→ AIM OF THE TASK
Please say how many lines in the records below contain the word "Foto", giving the number alone.

─── GIVEN DATA

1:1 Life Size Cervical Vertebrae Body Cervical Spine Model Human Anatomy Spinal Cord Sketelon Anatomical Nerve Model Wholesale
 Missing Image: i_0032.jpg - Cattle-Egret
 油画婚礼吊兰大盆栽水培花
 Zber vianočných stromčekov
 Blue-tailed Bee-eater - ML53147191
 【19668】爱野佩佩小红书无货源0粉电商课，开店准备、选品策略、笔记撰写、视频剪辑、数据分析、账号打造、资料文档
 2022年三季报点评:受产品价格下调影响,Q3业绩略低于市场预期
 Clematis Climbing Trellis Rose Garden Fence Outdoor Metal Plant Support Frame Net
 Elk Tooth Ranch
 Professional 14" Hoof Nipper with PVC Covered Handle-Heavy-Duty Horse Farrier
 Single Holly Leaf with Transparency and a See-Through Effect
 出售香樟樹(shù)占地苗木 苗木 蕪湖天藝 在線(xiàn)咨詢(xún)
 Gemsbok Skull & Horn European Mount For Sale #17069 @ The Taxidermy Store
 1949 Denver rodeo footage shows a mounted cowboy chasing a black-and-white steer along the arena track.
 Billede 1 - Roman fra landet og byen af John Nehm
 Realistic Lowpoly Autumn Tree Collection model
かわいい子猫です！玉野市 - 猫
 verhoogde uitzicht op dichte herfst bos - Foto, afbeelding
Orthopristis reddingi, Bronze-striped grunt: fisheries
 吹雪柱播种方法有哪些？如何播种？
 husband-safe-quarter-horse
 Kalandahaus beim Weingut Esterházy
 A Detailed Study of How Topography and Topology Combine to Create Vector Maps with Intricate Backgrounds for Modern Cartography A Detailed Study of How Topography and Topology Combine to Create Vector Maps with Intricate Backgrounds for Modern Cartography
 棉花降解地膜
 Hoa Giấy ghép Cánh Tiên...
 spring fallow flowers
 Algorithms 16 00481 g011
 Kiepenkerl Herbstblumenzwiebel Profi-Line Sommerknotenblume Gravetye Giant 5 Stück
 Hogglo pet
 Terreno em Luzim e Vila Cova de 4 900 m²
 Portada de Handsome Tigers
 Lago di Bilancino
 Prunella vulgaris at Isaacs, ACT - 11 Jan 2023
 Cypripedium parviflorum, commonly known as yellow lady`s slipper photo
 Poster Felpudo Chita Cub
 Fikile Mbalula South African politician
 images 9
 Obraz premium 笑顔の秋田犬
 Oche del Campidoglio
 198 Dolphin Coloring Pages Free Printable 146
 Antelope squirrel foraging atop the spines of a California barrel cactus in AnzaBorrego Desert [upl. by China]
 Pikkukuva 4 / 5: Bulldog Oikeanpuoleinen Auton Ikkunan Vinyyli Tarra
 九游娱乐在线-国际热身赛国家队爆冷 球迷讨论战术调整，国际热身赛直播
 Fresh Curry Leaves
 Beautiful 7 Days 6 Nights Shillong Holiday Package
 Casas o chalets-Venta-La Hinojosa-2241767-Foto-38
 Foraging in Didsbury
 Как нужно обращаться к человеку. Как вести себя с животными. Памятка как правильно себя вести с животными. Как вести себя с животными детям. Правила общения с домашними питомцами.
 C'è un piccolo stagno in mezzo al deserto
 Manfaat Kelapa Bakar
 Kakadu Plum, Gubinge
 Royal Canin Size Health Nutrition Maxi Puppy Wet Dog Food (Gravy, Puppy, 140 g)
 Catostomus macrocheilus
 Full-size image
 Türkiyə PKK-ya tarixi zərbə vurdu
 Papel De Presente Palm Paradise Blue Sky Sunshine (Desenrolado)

──────

→ ANSWER SECTION
2